From 6c4ae3e988920565b33a2604599e59e22789ff72 Mon Sep 17 00:00:00 2001
From: acidvegas <acid.vegas@acid.vegas>
Date: Fri, 8 Mar 2024 12:13:57 -0500
Subject: [PATCH] Many bugs fixed in sniffer and async model.

---
 eris.py                     | 43 ++++++++++++++++++++-----------------
 ingestors/ingest_massdns.py | 31 +++++++++++++-------------
 sniff_patch.py              | 24 ++++++++++++---------
 3 files changed, 52 insertions(+), 46 deletions(-)

diff --git a/eris.py b/eris.py
index a3d37cf..fc47fc4 100644
--- a/eris.py
+++ b/eris.py
@@ -13,7 +13,7 @@ sys.dont_write_bytecode = True
 
 try:
     # This is commented out because there is a bug with the elasticsearch library that requires a patch (see initialize() method below)
-    #from elasticsearch import AsyncElasticsearch 
+    #from elasticsearch import AsyncElasticsearch
     from elasticsearch.exceptions import NotFoundError
     from elasticsearch.helpers import async_streaming_bulk
 except ImportError:
@@ -43,23 +43,23 @@ class ElasticIndexer:
             'request_timeout': args.timeout,
             'max_retries': args.retries,
             'retry_on_timeout': True,
-            'sniff_on_start': True, # Is this problematic? 
+            'sniff_on_start': False, # Problems when True....

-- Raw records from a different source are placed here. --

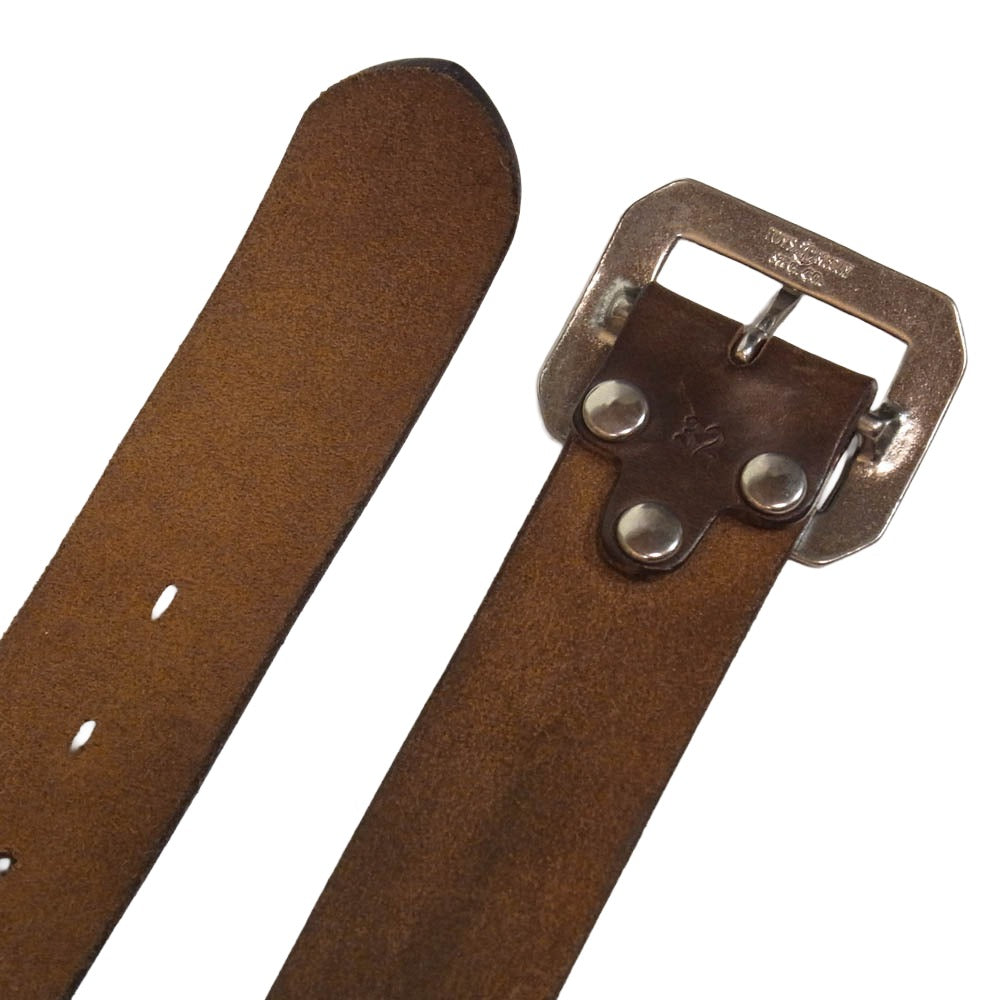 TOY'S McCOY トイズマッコイ Leather Belt レザー ギャリソン ベルト ブラウン系 32【中古】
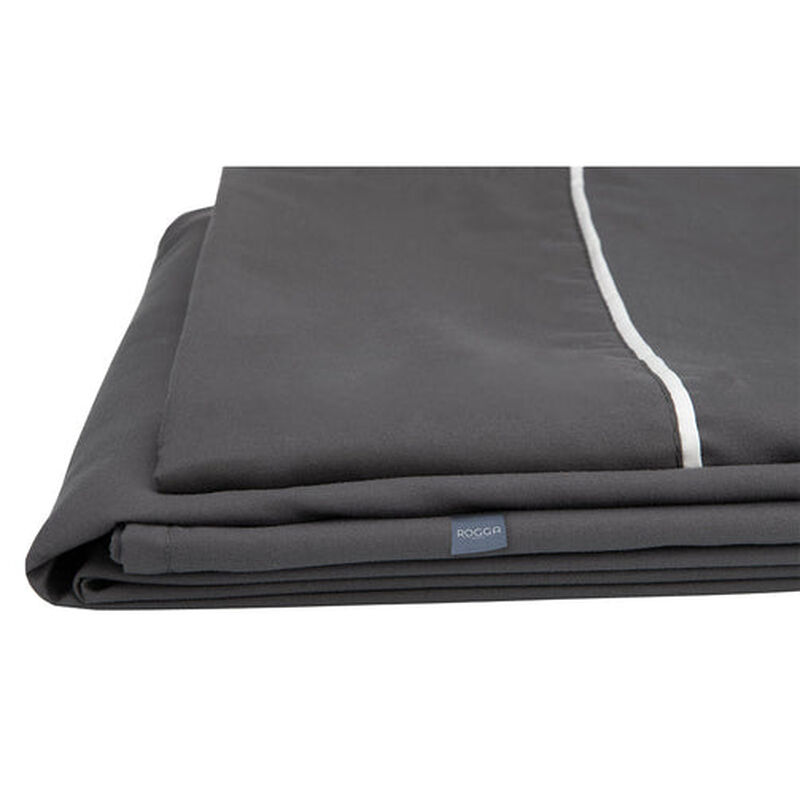 Juego de S&aacute;banas King Size Royal Touch Gris Oxf... image number null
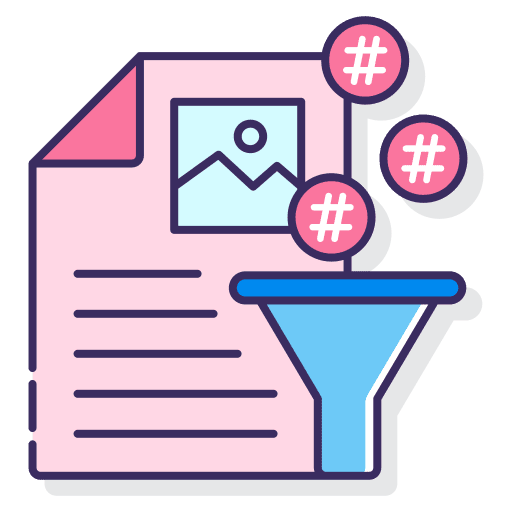 Content management ui content marketing file icon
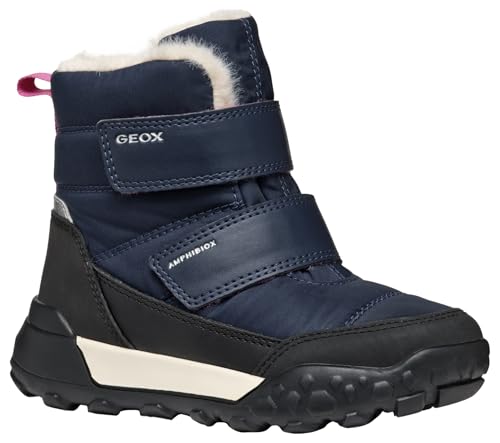 Geox J TREKKYUP Girl B AB Snow Boot, Navy, 25 EU von Geox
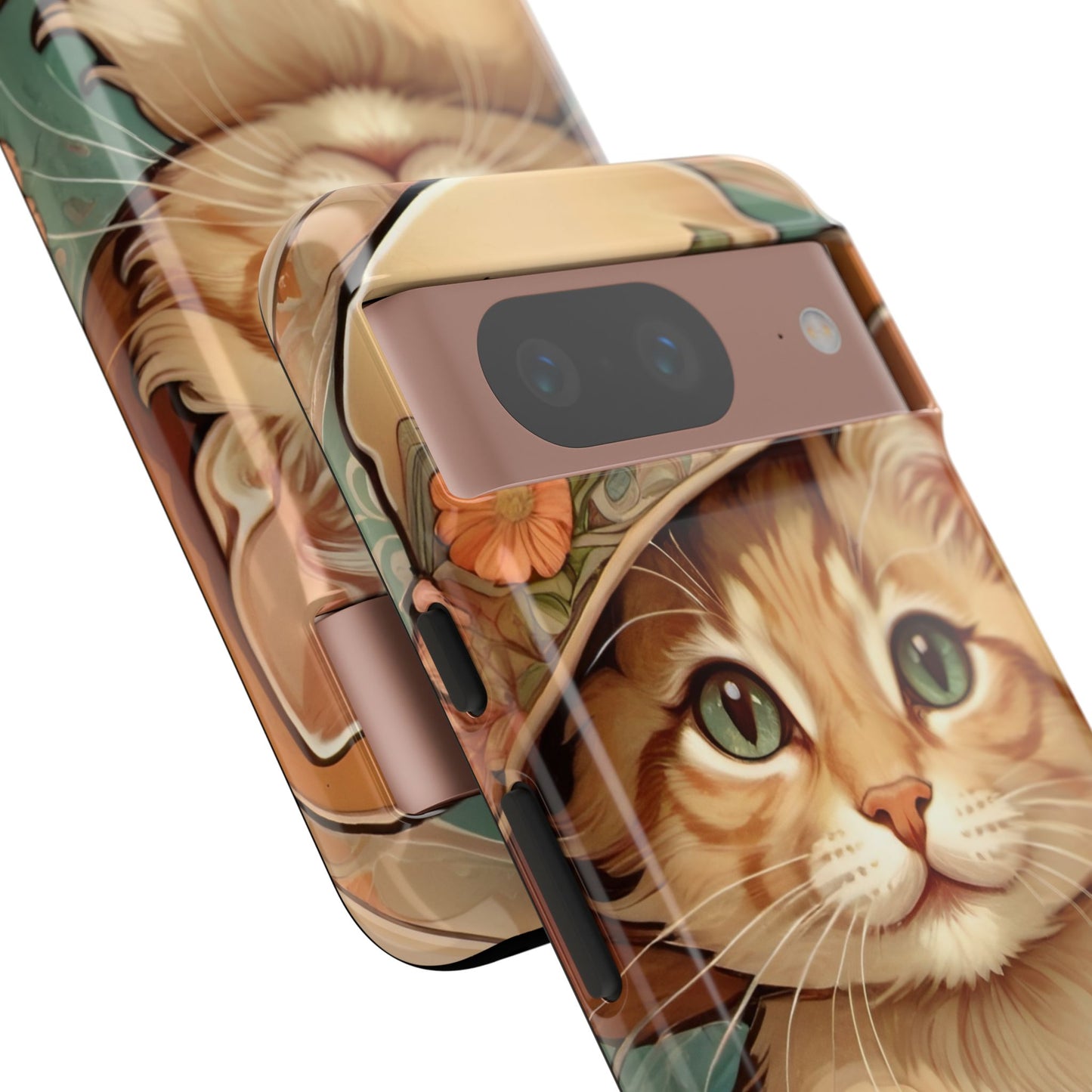 Alphonse Mucha Tough Phone Cases (A kitten)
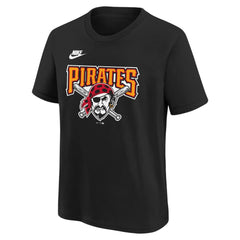 Pittsburgh Pirates Nike Youth Cooperstown Collection Team Logo T-Shirt Lifestyle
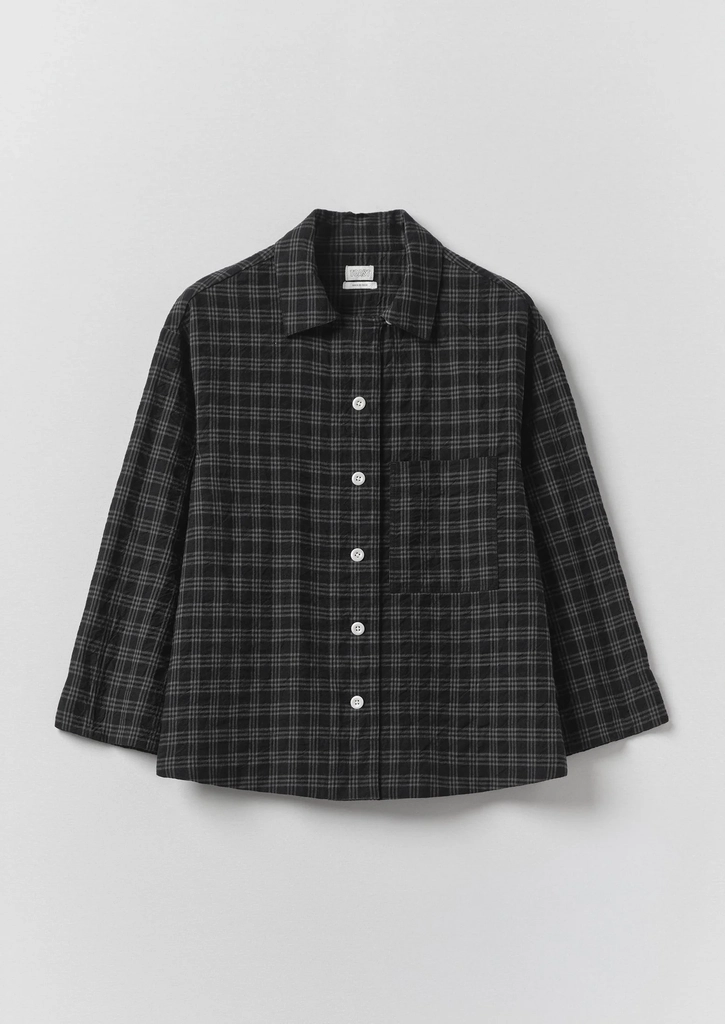 check cotton wool shirt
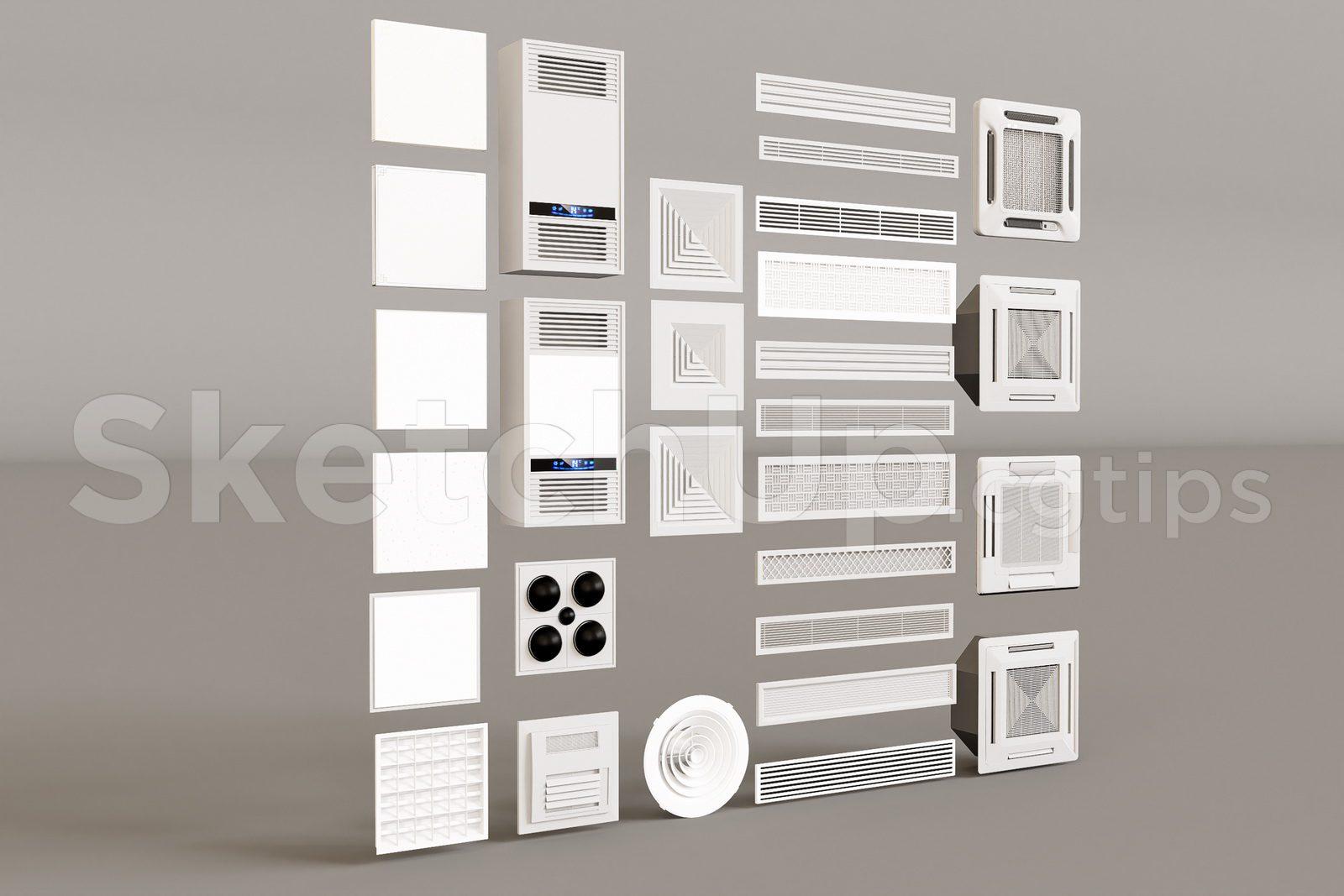 Recessed Air Conditioning Vent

             'sniff_on_node_failure': True,
             'min_delay_between_sniffing': 60 # Add config option for this?
         }
 
-        if args.api_key:
-            self.es_config['api_key'] = (args.api_key, '') # Verify this is correct
-        else:
-            self.es_config['basic_auth'] = (args.user, args.password)
-            
-        
+        #if args.api_key:
+        #    self.es_config['api_key'] = (args.api_key, '') # Verify this is correct
+        #else:
+        self.es_config['basic_auth'] = (args.user, args.password)
+
+
     async def initialize(self):
         '''Initialize the Elasticsearch client.'''
 
         # Patching the Elasticsearch client to fix a bug with sniffing (https://github.com/elastic/elasticsearch-py/issues/2005#issuecomment-1645641960)
         import sniff_patch
-        self.es = sniff_patch.init_elasticsearch(**self.es_config)
+        self.es = await sniff_patch.init_elasticsearch(**self.es_config)
 
         # Remove the above and uncomment the below if the bug is fixed in the Elasticsearch client:
         #self.es = AsyncElasticsearch(**es_config)
@@ -68,7 +68,7 @@ class ElasticIndexer:
     async def create_index(self, map_body: dict, pipeline: str = '', replicas: int = 1, shards: int = 1):
         '''
         Create the Elasticsearch index with the defined mapping.
-        
+
         :param map_body: Mapping for the index
         :param pipeline: Name of the ingest pipeline to use for the index
         :param replicas: Number of replicas for the index
@@ -106,7 +106,7 @@ class ElasticIndexer:
         '''Get the health of the Elasticsearch cluster.'''
 
         return await self.es.cluster.health()
-    
+
 
     async def get_cluster_size(self) -> int:
         '''Get the number of nodes in the Elasticsearch cluster.'''
@@ -128,7 +128,7 @@ class ElasticIndexer:
 
         count = 0
         total = 0
-        
+
         async for ok, result in async_streaming_bulk(self.es, actions=data_generator(file_path), chunk_size=self.chunk_size, max_chunk_bytes=self.chunk_max):
             action, result = result.popitem()
 
@@ -151,17 +151,17 @@ async def main():
     '''Main function when running this script directly.'''
 
     parser = argparse.ArgumentParser(description='Index data into Elasticsearch.')
-    
+
     # General arguments
     parser.add_argument('input_path', help='Path to the input file or directory') # Required
     parser.add_argument('--watch', action='store_true', help='Create or watch a FIFO for real-time indexing')
-    
+
     # Elasticsearch arguments
     parser.add_argument('--host', default='http://localhost/', help='Elasticsearch host')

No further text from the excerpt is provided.